Dataset entries:
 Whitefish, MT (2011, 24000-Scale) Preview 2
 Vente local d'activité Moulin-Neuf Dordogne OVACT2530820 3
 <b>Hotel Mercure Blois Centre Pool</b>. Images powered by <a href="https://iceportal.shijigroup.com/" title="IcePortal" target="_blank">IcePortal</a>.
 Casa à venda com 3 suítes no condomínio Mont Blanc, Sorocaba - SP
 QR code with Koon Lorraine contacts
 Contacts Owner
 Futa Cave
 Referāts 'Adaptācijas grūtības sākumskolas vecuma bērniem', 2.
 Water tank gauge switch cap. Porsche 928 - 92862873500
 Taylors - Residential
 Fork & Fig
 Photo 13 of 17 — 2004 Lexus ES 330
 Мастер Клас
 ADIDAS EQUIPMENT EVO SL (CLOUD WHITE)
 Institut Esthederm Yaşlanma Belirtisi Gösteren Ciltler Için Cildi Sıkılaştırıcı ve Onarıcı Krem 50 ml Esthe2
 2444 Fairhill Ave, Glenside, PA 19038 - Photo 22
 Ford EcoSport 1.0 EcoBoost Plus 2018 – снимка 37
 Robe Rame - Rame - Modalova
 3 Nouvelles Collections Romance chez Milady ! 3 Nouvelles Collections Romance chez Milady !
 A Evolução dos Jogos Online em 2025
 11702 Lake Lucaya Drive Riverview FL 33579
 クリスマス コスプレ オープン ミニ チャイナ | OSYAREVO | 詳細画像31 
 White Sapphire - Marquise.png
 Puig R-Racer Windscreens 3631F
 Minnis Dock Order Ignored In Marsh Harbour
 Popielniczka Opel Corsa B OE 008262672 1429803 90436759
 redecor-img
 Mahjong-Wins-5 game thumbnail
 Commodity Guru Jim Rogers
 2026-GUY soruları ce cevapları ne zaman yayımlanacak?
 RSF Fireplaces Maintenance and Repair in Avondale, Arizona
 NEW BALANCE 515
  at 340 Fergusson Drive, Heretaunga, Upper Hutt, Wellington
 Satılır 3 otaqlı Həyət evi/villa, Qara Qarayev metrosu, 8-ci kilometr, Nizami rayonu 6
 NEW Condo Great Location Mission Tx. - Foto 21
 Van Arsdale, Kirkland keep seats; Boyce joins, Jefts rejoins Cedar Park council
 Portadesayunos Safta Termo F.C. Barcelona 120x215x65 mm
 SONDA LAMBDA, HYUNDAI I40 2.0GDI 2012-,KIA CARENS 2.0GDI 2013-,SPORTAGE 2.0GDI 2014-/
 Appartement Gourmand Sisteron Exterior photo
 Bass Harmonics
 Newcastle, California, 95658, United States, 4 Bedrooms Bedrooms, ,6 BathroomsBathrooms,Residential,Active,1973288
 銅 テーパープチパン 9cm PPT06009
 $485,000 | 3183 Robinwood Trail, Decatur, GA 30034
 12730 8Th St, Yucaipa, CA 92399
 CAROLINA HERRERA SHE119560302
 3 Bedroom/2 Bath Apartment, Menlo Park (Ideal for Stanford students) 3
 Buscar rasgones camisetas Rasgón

- **What is being asked**:
For each line of the data that includes the word "Residential", return a copy of it.

- **Problem solution**:
 Taylors - Residential
 Newcastle, California, 95658, United States, 4 Bedrooms Bedrooms, ,6 BathroomsBathrooms,Residential,Active,1973288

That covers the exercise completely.